You are viewing a plain text version of this content. The canonical link for it is here.
Posted to user@beam.apache.org by John Tipper <jo...@hotmail.com> on 2023/07/18 12:10:15 UTC

How to submit Beam Python job onto Kubernetes with Flink runner?

Hi all,

I'm wanting to run a continuous stream processing job using Beam on a Flink runner within Kubernetes. I've been following this tutorial here (https://python.plainenglish.io/apache-beam-flink-cluster-kubernetes-python-a1965f37b7cb) but I'm not sure what the author is referring to when he talks about the "flink master container". I don't understand how I am supposed to submit my Python code into the cluster, when that code is defined within a container image itself.

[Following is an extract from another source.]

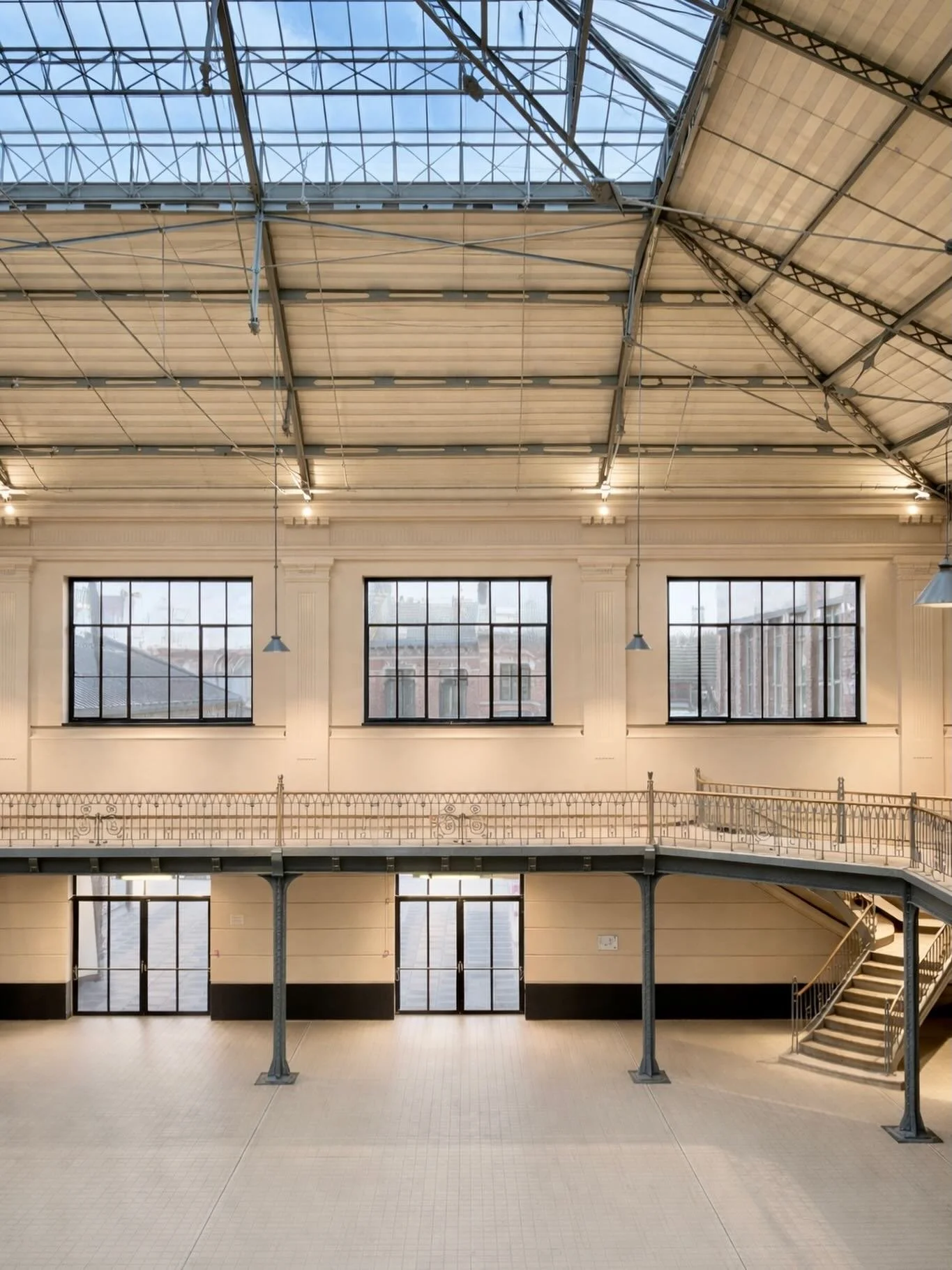 Sobres et &eacute;l&eacute;gantes, nos belles fen&ecirc;tres en acier @forsterprofiles. On dirait pas, mais ces belles portes et menuiseries en acier font plus de 3 m&egrave;tres de haut!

The Kubernetes Flink cluster architecture looks like this:


  *   single JobManager, exposes the Flink web UI via a Service and Ingress

  *   multiple Task Managers, each running 2 containers:
     *   Flink task manager
     *   Beam worker pool, which exposes port 50000

The Python code in the example tutorial has Beam configuration which looks like this:

    options = PipelineOptions([
        "--runner=FlinkRunner",
        "--flink_version=1.10",
        "--flink_master=localhost:8081",
        "--environment_type=EXTERNAL",
        "--environment_config=localhost:50000"
    ])


It's clear that when you run this locally as per the tutorial, it speaks to the Beam worker pool to launch the application.  However, if I have a Docker image containing my application code and I want to start this application within Kubernetes, where do I deploy this image in my Kubernetes cluster? Is it as a container within each Task Manager pod (and therefore using localhost:50000 to communicate to Beam)? Or do I create a single pod containing my application code and point that pod at port 50000 of my Task Managers - if so, is the fact that I have multiple Task Managers a problem?

Any pointers to documentation or examples would be really helpful.

Many thanks,

John